INSTRUCTIONS TO FOLLOW - Using only the entries below, output the lines starting at the one containing "Five happy multiethnic" and ending at the one containing "a pencil drawing of a woman's face", exactly and inclusive of both, omitting the pictures.

DATA TO PROCESS -
● ● ● ● ●

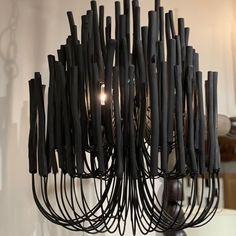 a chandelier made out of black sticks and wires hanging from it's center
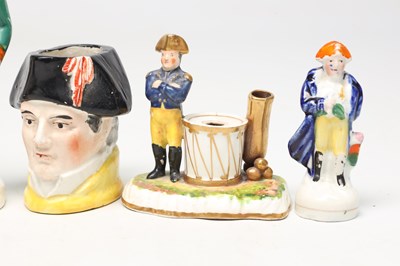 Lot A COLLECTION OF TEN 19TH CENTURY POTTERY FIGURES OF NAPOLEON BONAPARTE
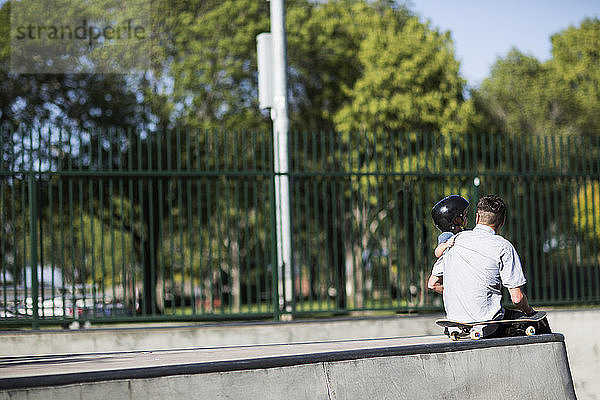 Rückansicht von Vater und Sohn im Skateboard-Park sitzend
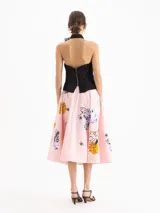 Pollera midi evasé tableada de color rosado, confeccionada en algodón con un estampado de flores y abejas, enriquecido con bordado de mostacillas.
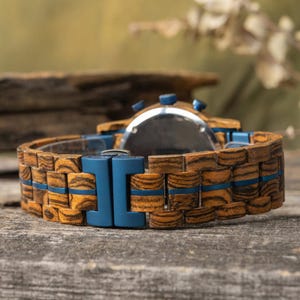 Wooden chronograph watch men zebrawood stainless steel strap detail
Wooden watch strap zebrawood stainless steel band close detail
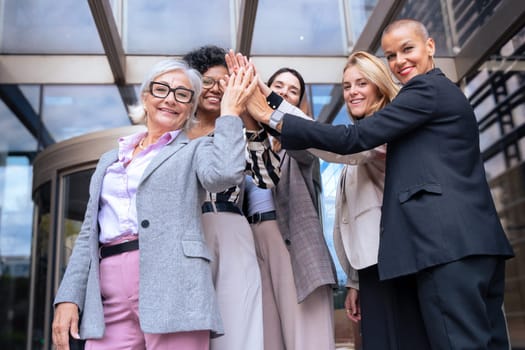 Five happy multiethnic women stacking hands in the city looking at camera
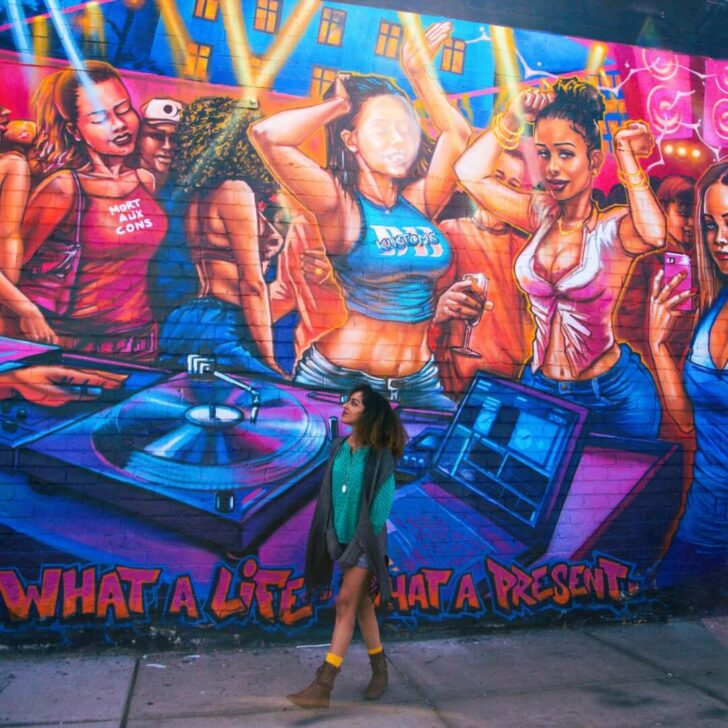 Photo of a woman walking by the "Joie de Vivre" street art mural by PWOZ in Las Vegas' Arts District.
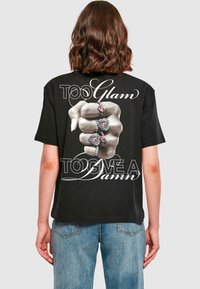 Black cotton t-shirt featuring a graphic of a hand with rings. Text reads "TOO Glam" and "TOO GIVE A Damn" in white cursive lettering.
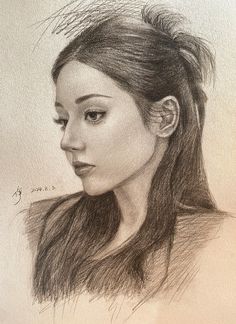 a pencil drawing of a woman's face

● ● ● ● ●

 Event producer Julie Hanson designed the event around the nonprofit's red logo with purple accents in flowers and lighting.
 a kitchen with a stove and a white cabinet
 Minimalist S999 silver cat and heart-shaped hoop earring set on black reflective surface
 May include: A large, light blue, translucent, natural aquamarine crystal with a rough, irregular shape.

● ● ● ● ●

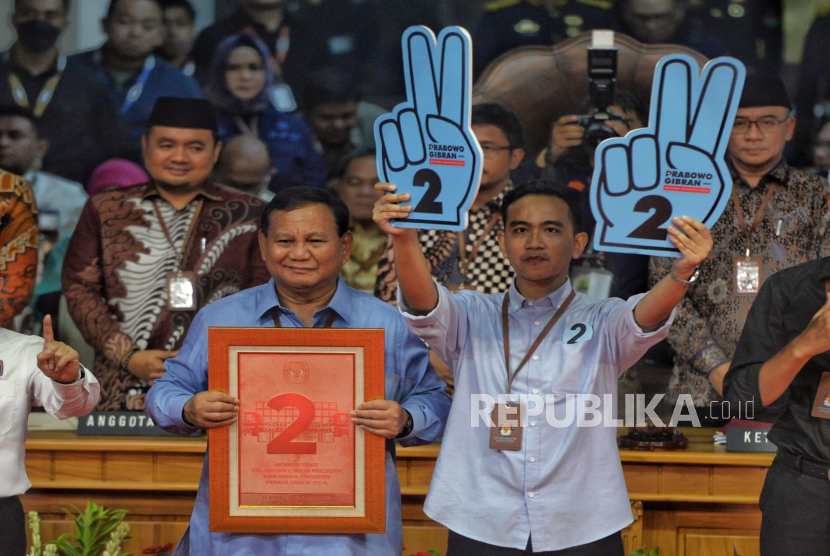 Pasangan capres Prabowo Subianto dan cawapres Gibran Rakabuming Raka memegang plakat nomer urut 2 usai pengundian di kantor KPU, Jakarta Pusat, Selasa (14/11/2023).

● ● ● ● ●

TASK RESPONSE -
 Five happy multiethnic women stacking hands in the city looking at camera
 Photo of a woman walking by the "Joie de Vivre" street art mural by PWOZ in Las Vegas' Arts District.
 Black cotton t-shirt featuring a graphic of a hand with rings. Text reads "TOO Glam" and "TOO GIVE A Damn" in white cursive lettering.
 a pencil drawing of a woman's face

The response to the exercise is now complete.